Человека выдает язык. Кажется, в школе уже считается неприличным разделять форму и содержание, пересказывая его отдельно. А для автора рецензии настоящая литература — «гуманистическая по содержанию, демократичная по форме». Это что — бред первокурсника педвуза, ошибка, обмолвка? Нет, это другое. Нет нигде такой литературы — с формой и содержанием — кроме одной: советской. И такой человек в ленинградской «Смене» ведет рубрику «Поздние петербуржцы», публикуя, комментируя тех, кого он так оскорбил? Лицемерие, игры, подлость? Нет, это другое.

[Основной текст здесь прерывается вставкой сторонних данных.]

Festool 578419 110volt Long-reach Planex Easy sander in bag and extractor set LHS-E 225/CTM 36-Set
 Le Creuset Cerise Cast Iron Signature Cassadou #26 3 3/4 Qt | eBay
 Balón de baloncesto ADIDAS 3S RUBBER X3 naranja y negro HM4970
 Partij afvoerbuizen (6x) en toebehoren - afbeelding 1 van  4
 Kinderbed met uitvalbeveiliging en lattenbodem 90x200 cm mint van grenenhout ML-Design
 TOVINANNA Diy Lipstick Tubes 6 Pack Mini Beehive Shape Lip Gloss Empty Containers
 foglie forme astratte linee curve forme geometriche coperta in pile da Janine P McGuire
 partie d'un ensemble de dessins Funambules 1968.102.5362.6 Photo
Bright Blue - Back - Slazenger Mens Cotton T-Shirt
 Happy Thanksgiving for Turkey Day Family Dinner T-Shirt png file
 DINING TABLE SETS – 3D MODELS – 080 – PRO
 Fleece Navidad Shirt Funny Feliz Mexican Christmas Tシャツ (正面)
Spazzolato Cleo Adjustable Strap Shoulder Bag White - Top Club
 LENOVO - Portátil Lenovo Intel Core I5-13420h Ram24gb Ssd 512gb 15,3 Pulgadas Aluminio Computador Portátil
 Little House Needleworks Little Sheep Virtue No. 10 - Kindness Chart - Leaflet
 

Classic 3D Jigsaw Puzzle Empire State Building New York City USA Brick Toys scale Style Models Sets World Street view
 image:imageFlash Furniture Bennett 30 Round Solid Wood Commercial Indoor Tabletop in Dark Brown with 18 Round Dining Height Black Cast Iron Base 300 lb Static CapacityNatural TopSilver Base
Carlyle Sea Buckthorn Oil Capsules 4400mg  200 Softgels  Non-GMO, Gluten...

Как они унижены были — советские либеральные литераторы. Как им было трудно: с умом — притворяться, с талантом — приспосабливаться, с совестью — лукавить. Как громко шумят они теперь, хозяева жизни и времени, сидя там же, как и раньше, в редакциях журналов и издательств, в газетах, на радио и телевидении. И никто не раскаялся, не написал «Исповедь редактора». Мол, двадцать лет стоял на воротах советской литературы, не пропустив почти ни одного гола, работая «чистильщиком» в редакции, не пуская самых умных и лучших. А ночью вдруг да вспомнится: помрачневшее лицо одного — кому отказал, потухшие глаза другого — за кого не вступился, а третьему просто семь лет морочил голову, ловко защищаясь комплиментами: «Ваша рукопись слишком хороша для нашего почти провинциального журнала!» А теперь геройствуют, призывают к ответу, гиперкомпенсируют…
…Прошлое уходит неумолимо и как-то незаметно. Кажется, еще совсем недавно мы жили в том, другом времени, а уже трудно тому, кто не знает, объяснить, что же это была за жизнь: страшная и прекрасная, одинокая, но согретая дружбой, а слово ловилось на лету. Теперь все прошло, все иначе, и только разводя руками, почему-то виновато улыбаясь, можно объяснить, как и за что выгоняли с работы, вызывали на допросы, арестовывали…
Но живым — жить, а мертвых — помнить.